Throughout the box set there are moments when it seems Beatbox could be writing the soundtrack for a darker, more compelling version of the video game Hotline Miami, and then there are moments when he should be DJing in some illegal warehouse party in Brooklyn — or Berlin.

On “Hydra,” Beatbox brings us to that unsanctioned soiree while tapping into the roots of his ancestors.

If you recall, the hydra in Greek mythology was a multi-headed serpent that grew new heads whenever someone cut one off. Everything about it was fatal.

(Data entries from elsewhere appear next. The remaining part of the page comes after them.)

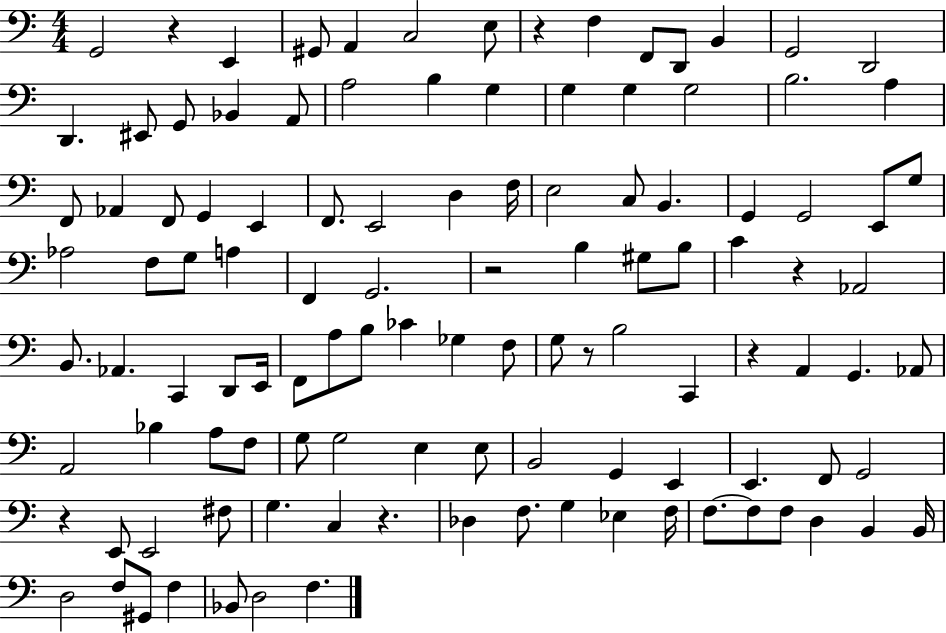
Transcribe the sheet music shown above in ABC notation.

X:1
T:Untitled
M:4/4
L:1/4
K:C
G,,2 z E,, ^G,,/2 A,, C,2 E,/2 z F, F,,/2 D,,/2 B,, G,,2 D,,2 D,, ^E,,/2 G,,/2 _B,, A,,/2 A,2 B, G, G, G, G,2 B,2 A, F,,/2 _A,, F,,/2 G,, E,, F,,/2 E,,2 D, F,/4 E,2 C,/2 B,, G,, G,,2 E,,/2 G,/2 _A,2 F,/2 G,/2 A, F,, G,,2 z2 B, ^G,/2 B,/2 C z _A,,2 B,,/2 _A,, C,, D,,/2 E,,/4 F,,/2 A,/2 B,/2 _C _G, F,/2 G,/2 z/2 B,2 C,, z A,, G,, _A,,/2 A,,2 _B, A,/2 F,/2 G,/2 G,2 E, E,/2 B,,2 G,, E,, E,, F,,/2 G,,2 z E,,/2 E,,2 ^F,/2 G, C, z _D, F,/2 G, _E, F,/4 F,/2 F,/2 F,/2 D, B,, B,,/4 D,2 F,/2 ^G,,/2 F, _B,,/2 D,2 F,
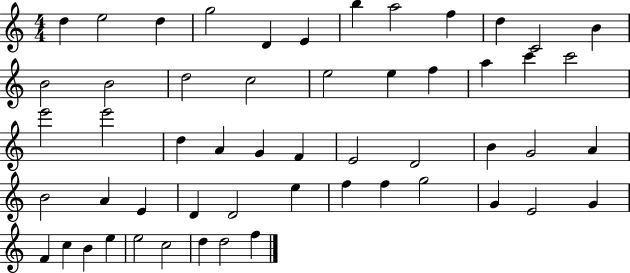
D5/q E5/h D5/q G5/h D4/q E4/q B5/q A5/h F5/q D5/q C4/h B4/q B4/h B4/h D5/h C5/h E5/h E5/q F5/q A5/q C6/q C6/h E6/h E6/h D5/q A4/q G4/q F4/q E4/h D4/h B4/q G4/h A4/q B4/h A4/q E4/q D4/q D4/h E5/q F5/q F5/q G5/h G4/q E4/h G4/q F4/q C5/q B4/q E5/q E5/h C5/h D5/q D5/h F5/q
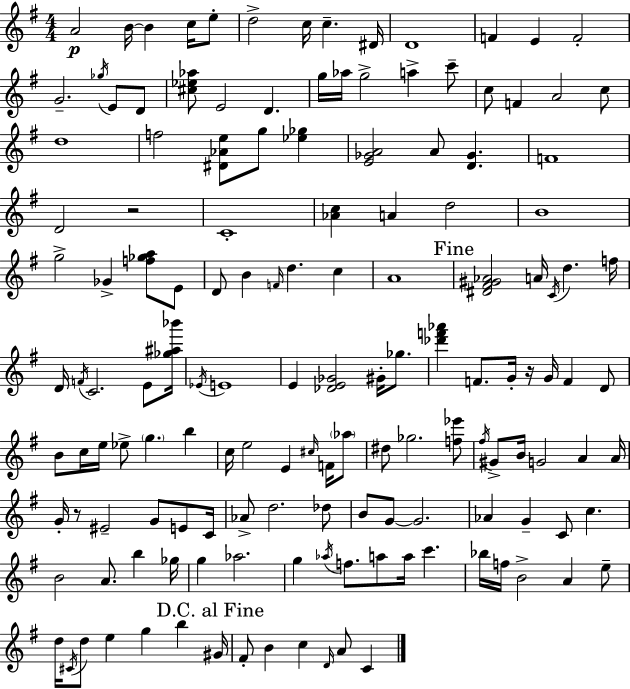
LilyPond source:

{
  \clef treble
  \numericTimeSignature
  \time 4/4
  \key e \minor
  a'2\p b'16~~ b'4 c''16 e''8-. | d''2-> c''16 c''4.-- dis'16 | d'1 | f'4 e'4 f'2-. | \break g'2.-- \acciaccatura { ges''16 } e'8 d'8 | <cis'' ees'' aes''>8 e'2 d'4. | g''16 aes''16 g''2-> a''4-> c'''8-- | c''8 f'4 a'2 c''8 | \break d''1 | f''2 <dis' aes' e''>8 g''8 <ees'' ges''>4 | <e' ges' a'>2 a'8 <d' ges'>4. | f'1 | \break d'2 r2 | c'1-. | <aes' c''>4 a'4 d''2 | b'1 | \break g''2-> ges'4-> <f'' ges'' a''>8 e'8 | d'8 b'4 \grace { f'16 } d''4. c''4 | a'1 | \mark "Fine" <dis' fis' gis' aes'>2 a'16 \acciaccatura { c'16 } d''4. | \break f''16 d'16 \acciaccatura { f'16 } c'2. | e'8 <ges'' ais'' bes'''>16 \acciaccatura { ees'16 } e'1 | e'4 <des' e' ges'>2 | gis'16-. ges''8. <des''' f''' aes'''>4 f'8. g'16-. r16 g'16 f'4 | \break d'8 b'8 c''16 e''16 ees''8-> \parenthesize g''4. | b''4 c''16 e''2 e'4 | \grace { cis''16 } f'16 \parenthesize aes''8 dis''8 ges''2. | <f'' ees'''>8 \acciaccatura { fis''16 } gis'8-> b'16 g'2 | \break a'4 a'16 g'16-. r8 eis'2-- | g'8 e'8 c'16 aes'8-> d''2. | des''8 b'8 g'8~~ g'2. | aes'4 g'4-- c'8 | \break c''4. b'2 a'8. | b''4 ges''16 g''4 aes''2. | g''4 \acciaccatura { aes''16 } f''8. a''8 | a''16 c'''4. bes''16 f''16 b'2-> | \break a'4 e''8-- d''16 \acciaccatura { cis'16 } d''8 e''4 | g''4 b''4 \mark "D.C. al Fine" gis'16 fis'8-. b'4 c''4 | \grace { d'16 } a'8 c'4 \bar "|."
}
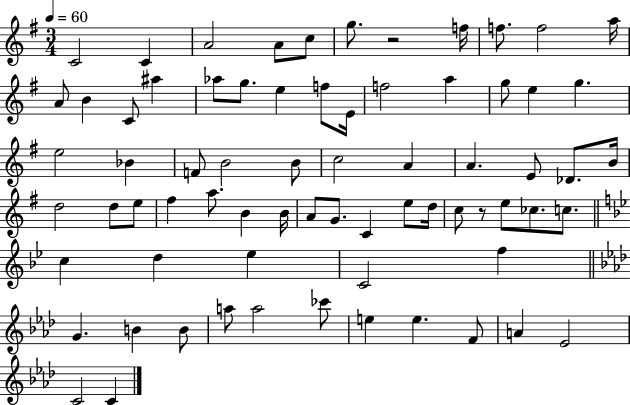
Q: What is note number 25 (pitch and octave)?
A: E5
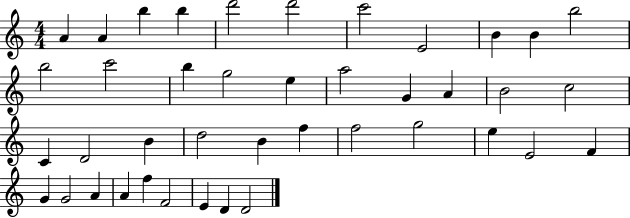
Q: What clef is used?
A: treble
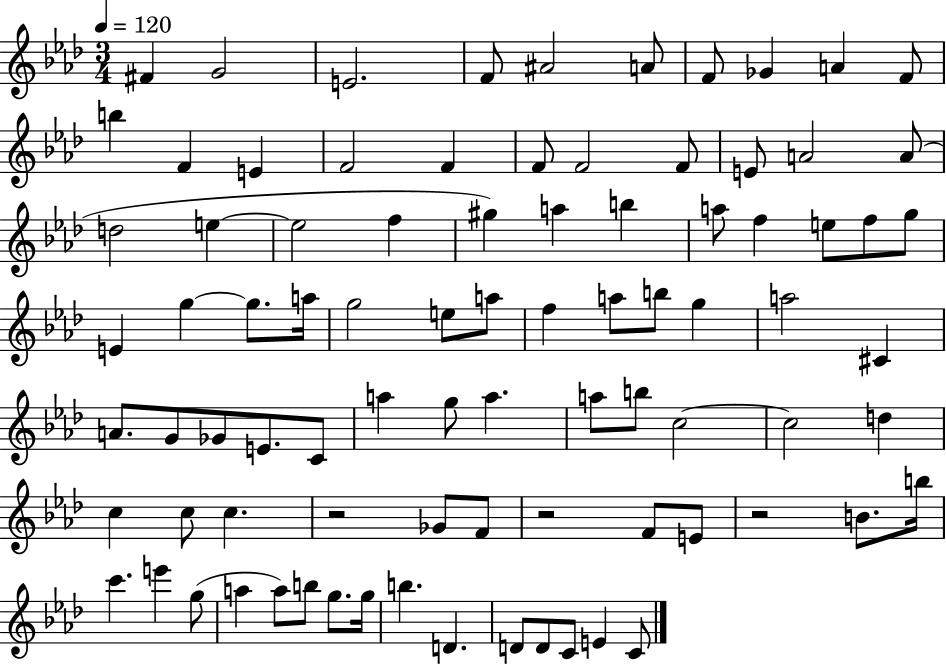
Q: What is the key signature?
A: AES major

On Beatbox’s “Hydra,” the ominous vocals, jagged bass line, and distorted techno synthesizer all burn up everything in their path, leaving only a clean and steady backbeat to keep things moving. I get the feeling that if someone were to cut that synth, two more would show up in its place. And that’s a beautiful thought.

As an aside, I should note that this song is a natural sibling to the Billions & Billions cut “Tractor Beam,” a collaboration between Mike Simonetti (formerly of Italians Do It Better, now of Pale Blue and 2MR Records) and Monty Luke (Black Catalogue).